和扎哈·哈迪德這個名字連在一起的,是所謂的參數化設計。她素來以「反對直角」、追求建築空間的融合和流動而聞名。讓她得以實現這種風格的,除了基本功和想像力,還有計算機帶來的 CAD 軟體。前者帶來了富於藝術感的圖紙,後者則實現了精密的計算。準確地說法應該是,把建築設計師從承重參數計算等一系列流程里解放了出來。

CAD 即電腦輔助設計,能夠在電腦屏幕上顯示工程師想要設計的物品或者建築師想要設計的建築。這項技術的鼻祖是伊萬·薩瑟蘭,他是麻省理工學院的工程師,在 1963 年發現了用戶和電腦通過圖形互動的原理。如果沒有神奇的 CAD,現代的物質世界是不可能存在的。它使人們能夠即時修改從螺絲刀到汽車等各種產品的模型,準確地指定它們的各種參數,並且監控實際的生產過程。

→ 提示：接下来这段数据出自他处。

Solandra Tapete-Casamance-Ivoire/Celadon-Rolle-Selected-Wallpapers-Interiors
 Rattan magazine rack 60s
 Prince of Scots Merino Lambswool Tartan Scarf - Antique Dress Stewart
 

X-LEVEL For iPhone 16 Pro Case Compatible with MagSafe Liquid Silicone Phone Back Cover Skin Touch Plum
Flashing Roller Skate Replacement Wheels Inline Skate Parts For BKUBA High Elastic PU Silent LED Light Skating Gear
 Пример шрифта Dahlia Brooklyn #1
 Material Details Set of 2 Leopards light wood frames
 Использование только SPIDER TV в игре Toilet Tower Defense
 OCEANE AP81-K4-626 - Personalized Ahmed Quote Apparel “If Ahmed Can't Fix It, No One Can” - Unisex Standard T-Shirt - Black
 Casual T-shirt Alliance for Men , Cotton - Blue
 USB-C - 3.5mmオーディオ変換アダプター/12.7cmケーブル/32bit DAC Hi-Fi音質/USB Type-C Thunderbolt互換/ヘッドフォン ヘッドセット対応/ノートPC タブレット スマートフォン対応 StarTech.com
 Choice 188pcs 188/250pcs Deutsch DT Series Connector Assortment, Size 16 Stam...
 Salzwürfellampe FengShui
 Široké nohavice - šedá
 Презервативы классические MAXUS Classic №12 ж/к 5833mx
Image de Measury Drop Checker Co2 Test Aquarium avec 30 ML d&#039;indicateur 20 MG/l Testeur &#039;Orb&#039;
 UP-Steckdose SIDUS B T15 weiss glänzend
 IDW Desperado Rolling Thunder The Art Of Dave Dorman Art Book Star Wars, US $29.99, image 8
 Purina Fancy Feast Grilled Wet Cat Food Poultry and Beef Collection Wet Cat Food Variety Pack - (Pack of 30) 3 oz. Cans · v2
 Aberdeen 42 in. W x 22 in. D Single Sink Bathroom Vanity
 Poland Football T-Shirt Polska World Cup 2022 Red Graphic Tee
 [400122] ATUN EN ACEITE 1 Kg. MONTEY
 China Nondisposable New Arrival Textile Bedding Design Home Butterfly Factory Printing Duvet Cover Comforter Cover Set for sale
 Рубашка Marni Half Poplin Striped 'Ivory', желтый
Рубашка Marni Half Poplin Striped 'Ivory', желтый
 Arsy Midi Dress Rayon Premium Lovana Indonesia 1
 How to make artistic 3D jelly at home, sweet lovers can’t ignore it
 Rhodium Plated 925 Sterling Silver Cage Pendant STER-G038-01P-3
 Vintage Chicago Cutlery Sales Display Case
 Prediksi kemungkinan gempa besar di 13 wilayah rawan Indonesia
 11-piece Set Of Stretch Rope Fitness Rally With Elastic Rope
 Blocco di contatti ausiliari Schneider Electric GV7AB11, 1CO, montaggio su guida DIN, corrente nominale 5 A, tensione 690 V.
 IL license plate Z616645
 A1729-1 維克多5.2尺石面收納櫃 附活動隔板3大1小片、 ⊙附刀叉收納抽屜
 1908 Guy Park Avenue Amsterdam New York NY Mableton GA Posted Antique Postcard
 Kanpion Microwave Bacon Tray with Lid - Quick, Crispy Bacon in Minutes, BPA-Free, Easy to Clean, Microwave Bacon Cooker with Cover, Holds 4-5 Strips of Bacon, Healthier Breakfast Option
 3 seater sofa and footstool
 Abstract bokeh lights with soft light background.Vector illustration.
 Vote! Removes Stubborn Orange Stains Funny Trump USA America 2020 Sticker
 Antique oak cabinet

尼古拉斯·卡爾在著作《玻璃籠子》里曾經提到對 CAD 地批評:在 CAD 出現之前,建築師的藝術源泉是繪畫。徒手畫的草圖同計算機渲染的圖畫類似,兩者都具有明顯的交流功能。但是繪圖不只是表達想法的方式,它是一種思維方式。現代派建築師理查德·麥科馬克表示:「我無法想像,除了繪畫,我還剩什麼。我把繪畫作為批判和發現的過程。」

扎哈也說過類似的話,她的合伙人讚賞她筆下的線條出奇的利落果斷。很多藉助 CAD 工作的人並非為了創造,而是為了掩蓋或者避開問題。一件事「應該怎麼做」和它「這樣做有沒有用」之間並沒有必然聯繫,但要想在諸如建築這樣的語境解決問題,必須兼顧這兩點。人類畫的圖紙可以,CAD 則不能。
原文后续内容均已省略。